Records from a dataset
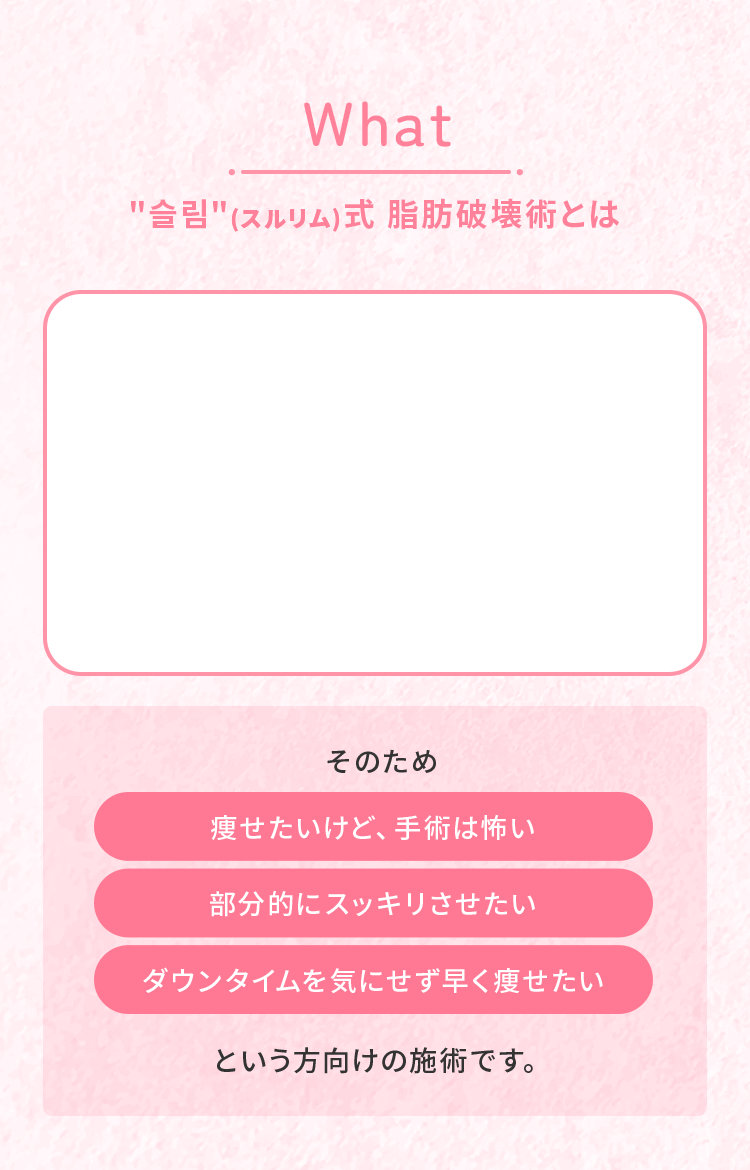 ＂슬림＂（スルリム）式 脂肪破壊術とは
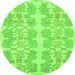 Round Machine Washable Abstract Green Modern Area Rugs, wshabs1216grn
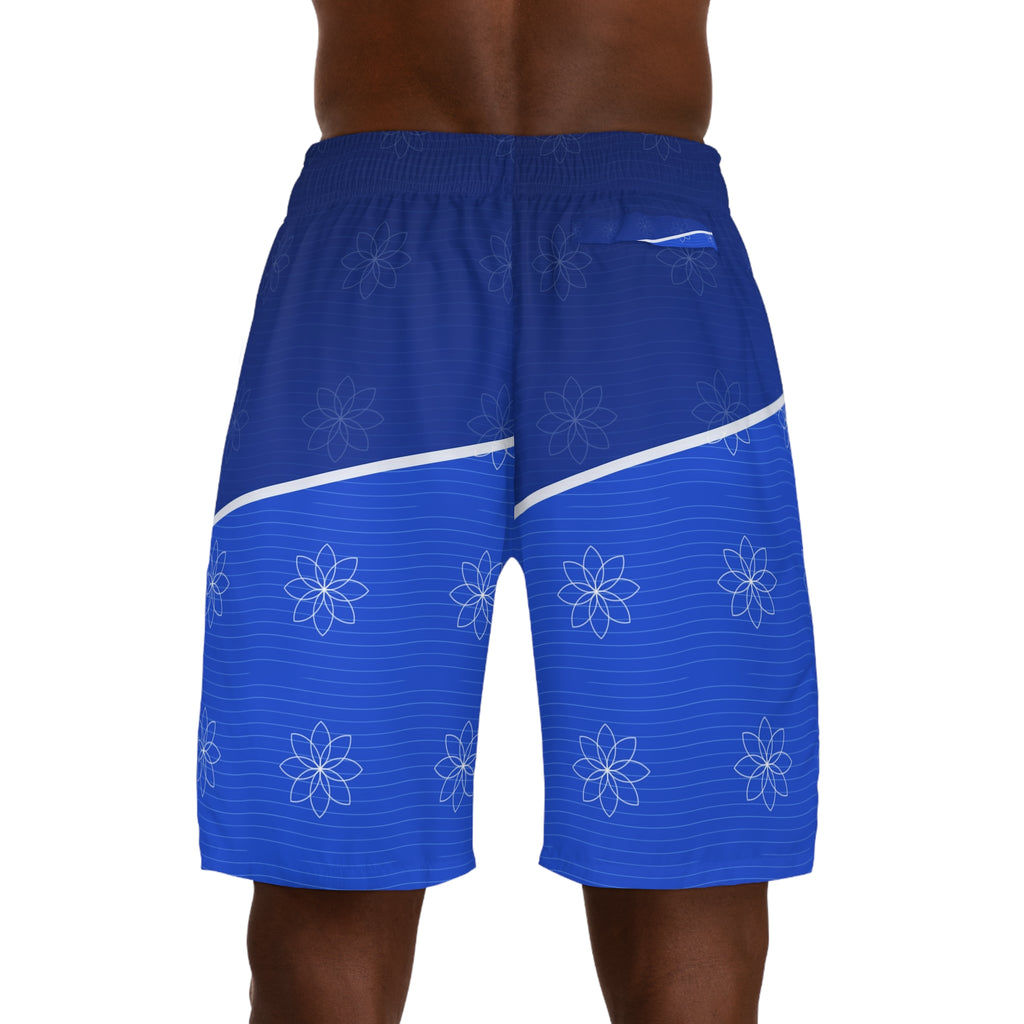 Yoga Royal Ice Flow Lotus Men's Athletic Shorts with Pockets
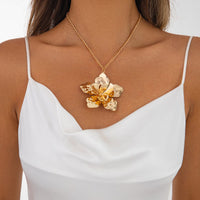 Thumbnail for Stylish Chunky Flower Pendant Necklace Ring - ArtGalleryZen
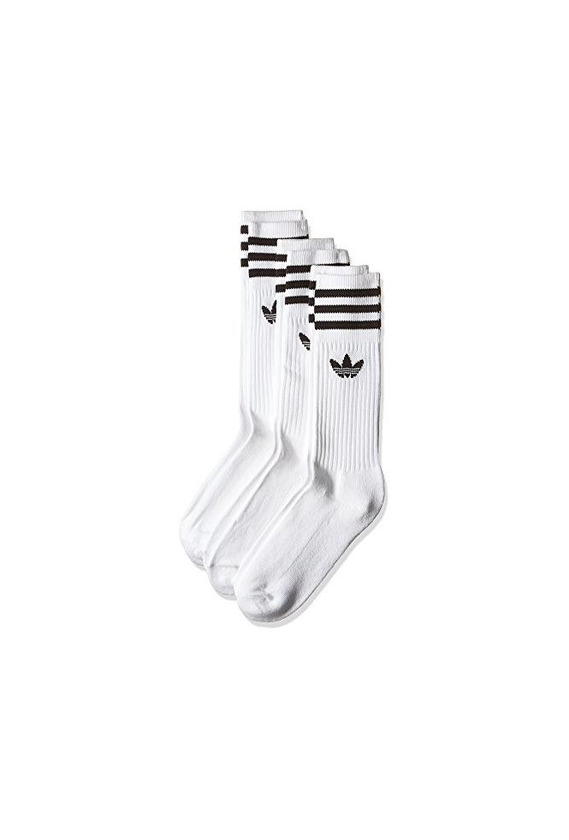 Fitness adidas Solid Crew Calcetines, Hombre, Blanco/Negro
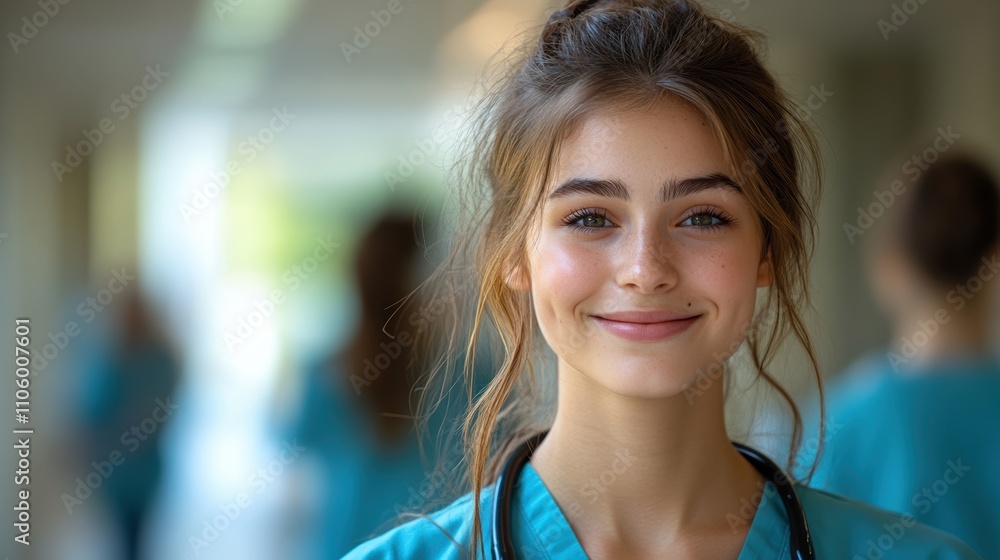 University nursing students engaged in international exchange programs, showcasing global healthcare learning, presented dynamically.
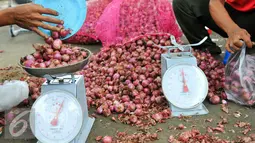 Petugas menimbang bawang merah yang akan dijual, Jakarta, Kamis (26/5/2016). Kementerian Pertanian menggelar pasar murah dengan menjual bawang merah dengan harga Rp 25.000/kg. (Liputan6.com/Yoppy Renato)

About this task>
Working down from the line with "Fitness adidas Solid", copy each line exactly until the last line of the entries, which is also included. Omit the pictures.

Solution>
 Fitness adidas Solid Crew Calcetines, Hombre, Blanco/Negro
 University nursing students engaged in international exchange programs, showcasing global healthcare learning, presented dynamically.
 Petugas menimbang bawang merah yang akan dijual, Jakarta, Kamis (26/5/2016). Kementerian Pertanian menggelar pasar murah dengan menjual bawang merah dengan harga Rp 25.000/kg. (Liputan6.com/Yoppy Renato)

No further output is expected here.